While rivers are popular magnets for fishing, boating, and kayaking, they are also potential powerhouses in the fight against climate change. Rivers and streams carry inorganic carbon from land to oceans in a process called lateral carbon flux. In recent years, environmental engineers have proposed to utilize this movement in a class of carbon sequestration strategies known as “enhanced weathering,” in which atmospheric carbon is redistributed to the ocean through agricultural soil.
Although interest in accelerating the routing of carbon from the atmosphere into landscapes and waterways has fueled a surge of investment in enhanced weathering, researchers from the Department of Earth Science and Environmental Change and The Grainger College of Engineering at the University of Illinois Urbana-Champaign wondered if extreme weather conditions fueled by climate change could also, paradoxically, be a bottleneck to these mitigation efforts.
“We often associate climate change with the earth getting warmer,” said Jinyu Wang, a graduate student in the lab of Jennifer Druhan, professor of earth science and environmental change and civil and environmental engineering. “But it also brings more frequent and intense severe weather conditions like floods, storm events, and drought. It’s more than just, ‘the ice is melting.’”
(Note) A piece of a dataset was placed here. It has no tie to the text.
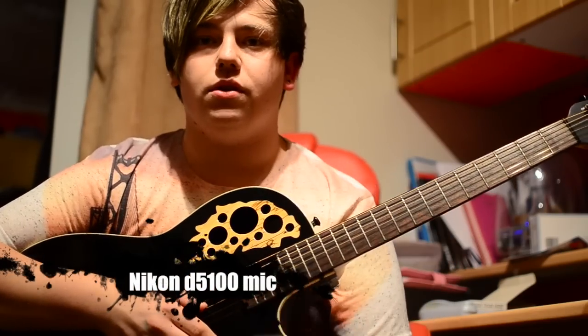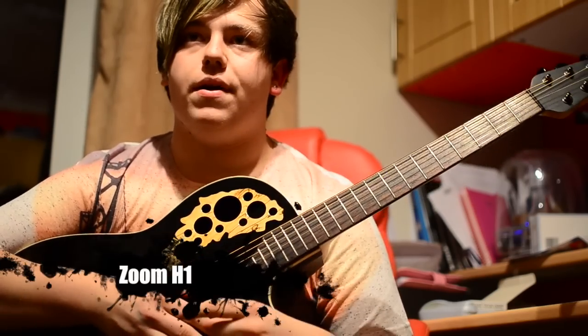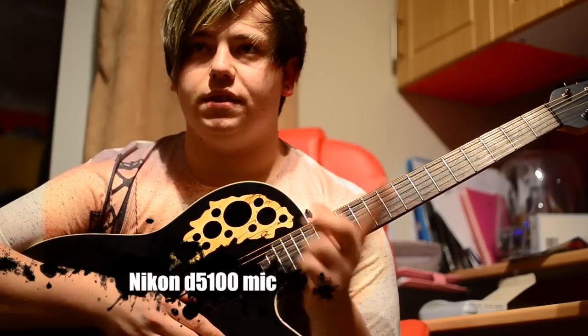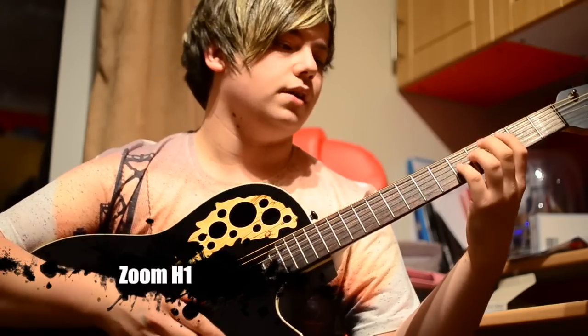Hi there YouTube. This is just a video to show you the difference between my Nikon D5100 mic and the mic in my Zoom H1. I'm going to do a test between the vocals, so you'll hear me switching between both the Nikon and the Zoom. And I'm going to do some guitar playing as well to show you the differences in sound quality.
Wang and her colleagues sought to examine the effects of drought on lateral carbon flux. In their study, published in Nature Geoscience, high-frequency river chemistry data revealed unexpected changes in the chemical composition and carbon-carrying capacities of major river networks. These changes must be accounted for in the next generation of enhanced weathering.
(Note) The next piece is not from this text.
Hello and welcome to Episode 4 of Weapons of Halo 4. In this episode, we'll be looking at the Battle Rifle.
“Our study is part of a growing recognition that what we have often thought of as the product of climate change — like a drought or flood — is also feedback,” Druhan said. “It’s not simply that droughts are more frequent because of a changing climate; that dryness also affects carbon exchange between the landscape and atmosphere.”
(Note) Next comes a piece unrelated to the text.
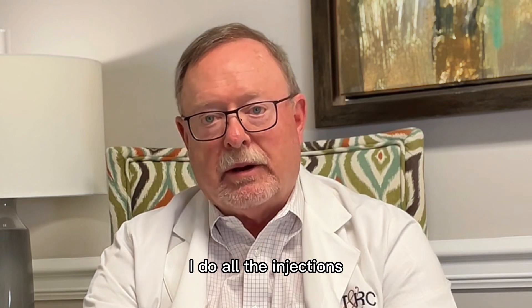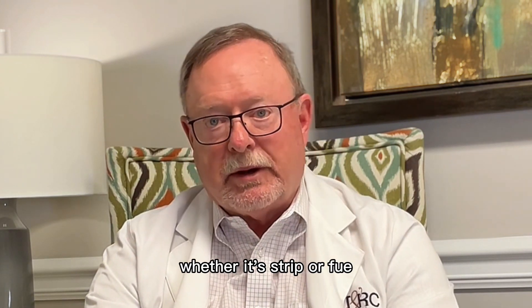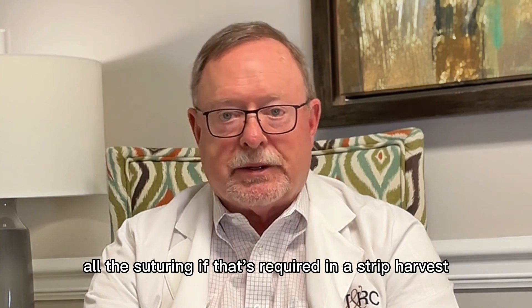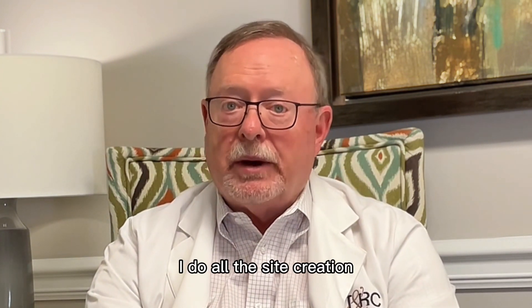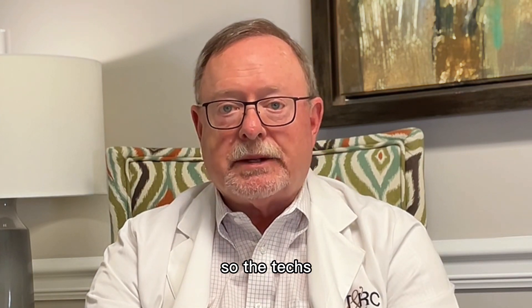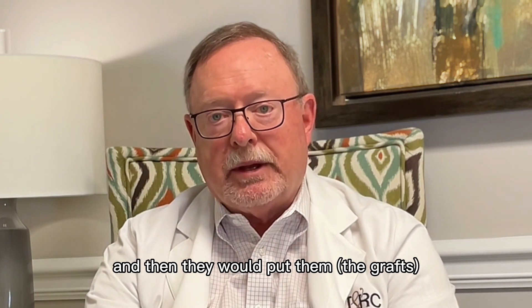I do all of the harvesting, whether it's strip or FUE, and all the suturing if that's required in a strip harvest. I do all the site creation. The techs trim the grafts if they need any trimming under the microscope, and then they place them one by one into the little sites that I've created.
The researchers used a unique, compact aqueous chemistry laboratory called RiverLab — deployed in Monticello, Ill. — to record ion concentrations in the Sangamon River every 30 minutes during a continuous 195-day period of moderate drought. Their analysis revealed unexpectedly steady concentrations of calcium and magnesium while all other ions became more concentrated, due to the formation of secondary carbonate minerals that remain in the soil and release carbon dioxide back into the atmosphere. The group’s findings also shed light on the carbon-carrying limits of riverways — an innate capacity that can’t be exceeded.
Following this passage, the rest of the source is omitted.